Glucocorticoids are commonly used immunosuppressants that inhibit macrophage phagocytosis and antigen processing, quickly reducing immune and inflammatory responses, preventing liver failure progression. Timely glucocorticoid use is critical to address cytokine storms in autoimmune hepatitis recurrence.
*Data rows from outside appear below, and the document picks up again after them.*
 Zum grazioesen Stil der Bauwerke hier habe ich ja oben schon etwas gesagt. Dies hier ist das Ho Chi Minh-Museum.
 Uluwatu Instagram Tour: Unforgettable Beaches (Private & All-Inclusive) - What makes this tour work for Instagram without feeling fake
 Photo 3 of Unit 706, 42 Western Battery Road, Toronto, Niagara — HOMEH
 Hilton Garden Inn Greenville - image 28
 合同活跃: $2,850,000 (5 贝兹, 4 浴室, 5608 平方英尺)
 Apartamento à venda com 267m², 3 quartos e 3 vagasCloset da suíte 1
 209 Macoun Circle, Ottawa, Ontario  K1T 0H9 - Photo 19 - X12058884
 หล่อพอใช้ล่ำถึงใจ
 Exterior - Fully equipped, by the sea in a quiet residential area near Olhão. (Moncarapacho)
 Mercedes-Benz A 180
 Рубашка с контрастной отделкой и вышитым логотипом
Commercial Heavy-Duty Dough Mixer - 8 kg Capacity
Immunocompromised patients are at high risk for fungal infections with poor prognosis. Early diagnosis, pathogen identification, targeted treatment, and strict infection control measures are essential, alongside personalized adjustments to treatment.
Increasing rates of IFI in severe liver disease patients underscore the need for vigilant assessment of fungal infection risks in immunocompromised patients with fever or pneumonia to improve prognosis and reduce complications.
Timely and accurate antifungal drug choice is crucial, favoring liver-safe options. Voriconazole can cause hepatic dysfunction and, rarely, liver failure. Regular blood concentration monitoring is essential to avoid adverse effects. Among triazoles, posaconazole has minimal hepatotoxicity and may reduce invasive pulmonary aspergillosis in liver failure patients on glucocorticoids, potentially improving survival with fewer adverse effects. Posaconazole remains an effective salvage therapy if itraconazole or voriconazole fail, alleviating drug-related liver damage and promoting gradual recovery.